Continuing the music law reform momentum started in the House last month, Senator Orrin Hatch (R-UT) introduced the Music Modernization Act in the Senate today. Realizing the hopes of the recording industry, the Senate bill, S.2823, was identical to that passed by a 415-0 vote in the House last month, which should greatly streamline it’s passage.
The ambitious MMA seeks to update the way music is licensed and songwriters, artists and other creators are compensated, getting music out of the player piano era and into the digital age. The bill is noticed for a Senate Judiciary Committee hearing Tuesday (May 15) and is expected to get a full vote sometime in June, then on to the President’s desk to be signed into law.
The Senate bill was introduced with bi-partisan backing, with signatories including Chuck Grassley (R-IA), Sheldon Whitehouse (D-RI), Lamar Alexander (R-TN), Chris Coons (D-DE), John Kennedy (R-LA), Kamala Harris (D-CA), Bob Corker (R-TN), Dick Durbin (D-IL), Johnny Isakson (R-GA), Patrick Leahy (D-VT), Mike Crapo (R-ID), Doug Jones (D-AL), Thom Tillis (R-NC), Bill Nelson (D-FL) David Perdue (R-GA), Shelley Moore Capito (R-WV), and Roy Blunt (R-MO).
The Music Modernization Act combines three previously introduced pieces of legislation—the Music Modernization Act (MMA), the Compensating Legacy Artists for their Songs, Service, & Important Contributions to Society (CLASSICS) Act, and the Allocation for Music Producers (AMP) Act. The MMA has wide support across the music industry which welcomes the improvements to how songwriters, recording artists, labels, producers, sound engineers and digital music companies will do business.
“Today’s introduction is an important step toward enacting historic reform for our badly outdated music laws,” Hatch said. “For far too long, our old-fashioned, disorganized way of collecting and distributing music royalties has resulted in songwriters and other content creators being paid far too little for their work. It’s also exposed digital music companies to significant liability and created overall uncertainty in the music marketplace. As a songwriter myself, I know how important these issues are. That’s why I’m so pleased we’re taking this significant step today to bring fairness and certainty to our music laws.”

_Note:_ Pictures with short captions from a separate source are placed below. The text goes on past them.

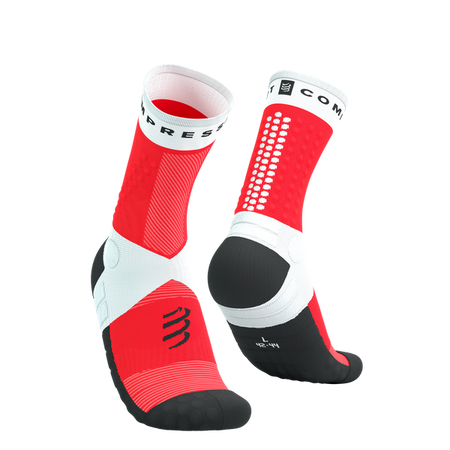 COMPRESSPORT Skarpetki do biegania ULTRA TRAIL SOCKS V2.0 white/fluo red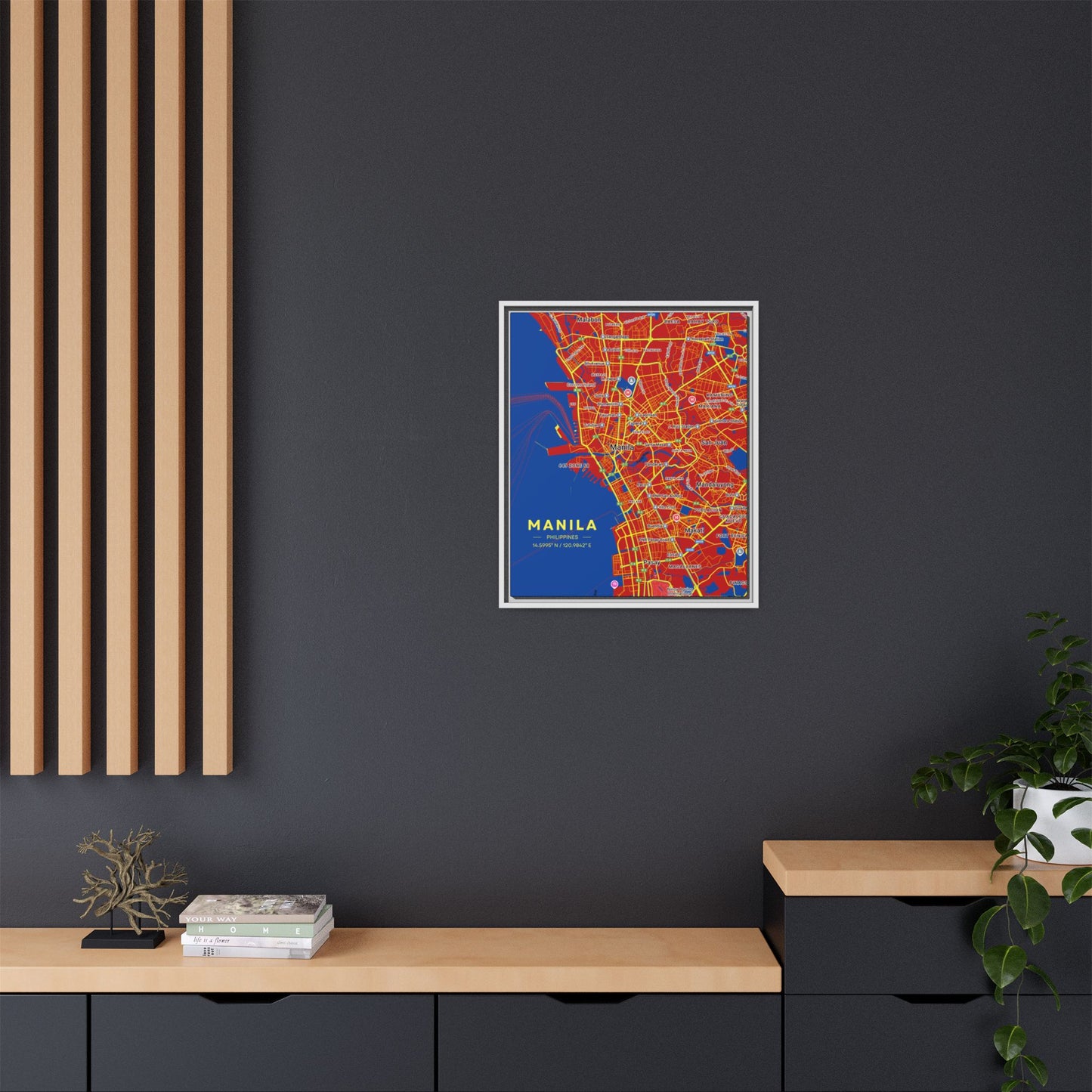 Manila Vibrant City Map Wall Art, Framed Canvas Print, Manila City Decor, Colorful Home Artwork, Unique Gift Idea, Travel Enthusiast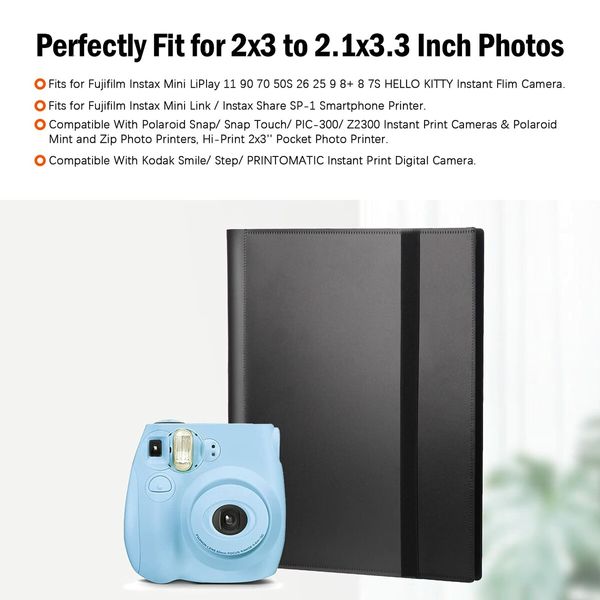 432 Pockets Photo Album for Fujifilm Instax Mini Camera,Polaroid Camera,for Fujifilm Instax Mini 11 12 9 40 Evo Liplay 8 7+ Instant Camera,Photo Album for Polaroid Kodak HP Zink 2x3" Photo (Black)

“Though the way we listen to music may change over time, the lasting mark music creators from all generations leave with us does not,” Grassley said. “This broadly bipartisan package ensures that all music creators have the access to the royalties they’ve earned and that music lovers can better access these works of art. I’m grateful for the hard work of my colleagues and stakeholders to advance this much-needed reform package.”
The move was hailed across the industry, with a fusselade of laudatory comments that can be read here.
Highlights from the combined bills are as follows.
Music Modernization Act (MMA):
- The MMA creates a new, simplified licensing system to make it easier for digital music companies to obtain a license for songs.
- The simplified system will also ensure songwriters are paid the royalties they are owed.
- In addition, the bill revises outdated songwriter royalty standards to ensure songwriters are paid a fair market rate for their work.
Compensating Legacy Artists for their Songs, Service, & Important Contributions to Society (CLASSICS) Act:
- In the 1970s, Congress extended federal copyright protections to sound recordings fixed after February 1972.
- The CLASSICS Act requires digital music services to pay for the use of pre-1972 sound recordings in the same way and at the same rate they pay for recordings fixed after 1972.
- SoundExchange, the entity that collects and distributes digital performance royalties for sound recordings, will collect royalties for pre-1972 recordings, as it does for recordings made after 1972.
Allocation for Music Producers (AMP) Act:
- Under current law, although recording artists have a right to a percentage of the royalties collected for digital performances of sound recordings, producers and engineers have no such right.
- The AMP Act would establish a procedure for producers and engineers who worked on sound recordings to apply for a share of the royalties.